If by any chance you're looking for the inverse transform, that is,
if you want to know where a given pixel will land, you simply switch
inputs and outputs:
For a,b,c,d:
r1_x = a * 0 + b * 0 * 0 + c * 0 + d
r2_x = a * 1 + b * 1 * 0 + c * 0 + d
r3_x = a * 0 + b * 0 * 1 + c * 1 + d
r4_x = a * 1 + b * 1 * 1 + c * 1 + d
For e,f,g,h:
r1_y = e * 0 + f * 0 * 0 + g * 0 + h
r2_y = e * 1 + f * 1 * 0 + g * 0 + h
r3_y = e * 0 + f * 0 * 1 + g * 1 + h
r4_y = e * 0 + f * 0 * 1 + g * 1 + h
You're talking about perspective transformation from 2D planar onto a square 'in space' I think.

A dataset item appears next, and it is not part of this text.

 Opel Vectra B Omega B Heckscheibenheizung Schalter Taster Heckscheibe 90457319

Well - This one is not that difficult. The mathematics are explained in the paper:
Heckbert, Paul, Fundamentals of
Texture Mapping and Image Warping,
Master’s thesis, UCB/CSD 89/516, CS
Division, U.C. Berkeley, June 1989.
(I don't link to the paper due to copyright reasons. It's available on the net and you shouldn't have any problems finding it though)
This gives you the math and some ready to use equations to do it.

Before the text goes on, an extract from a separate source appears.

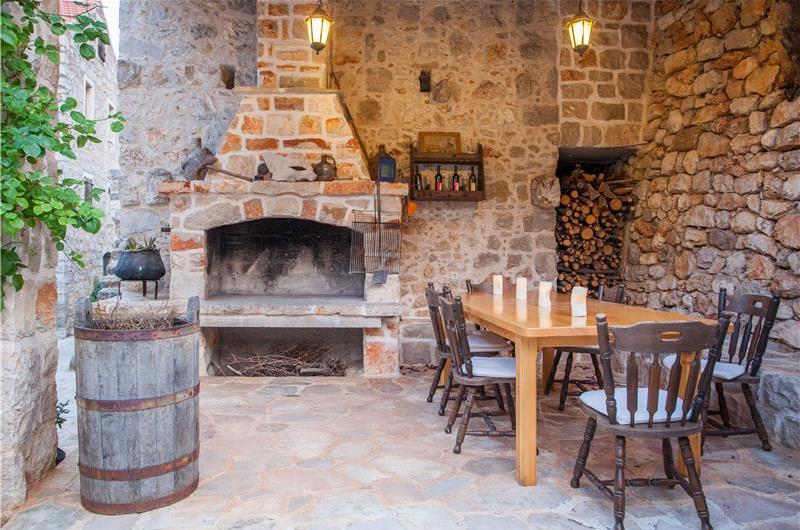5 bedroom Hvar Island Villa with Pool sleeps 10-14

If you are looking for some "easy to rip" code I suggest to download the OpenVG reference implementation and take a close look at the functions "vguComputeWarpQuadToSquare", "vguComputeWarpSquareToQuad" and "vguComputeWarpQuadToQuad" :-) They cover all you need.
Download here: http://www.khronos.org/registry/vg/ri/openvg-1.1-ri.zip
These functions will calculate a 3x3 matrix that does the transformation. To use this matrix you have to extend your 2D coordinates into 2D homogenous coordinates. That's not that difficult but beyond the scope of the question. If you need help to work with them I suggest that you ask that in a different question.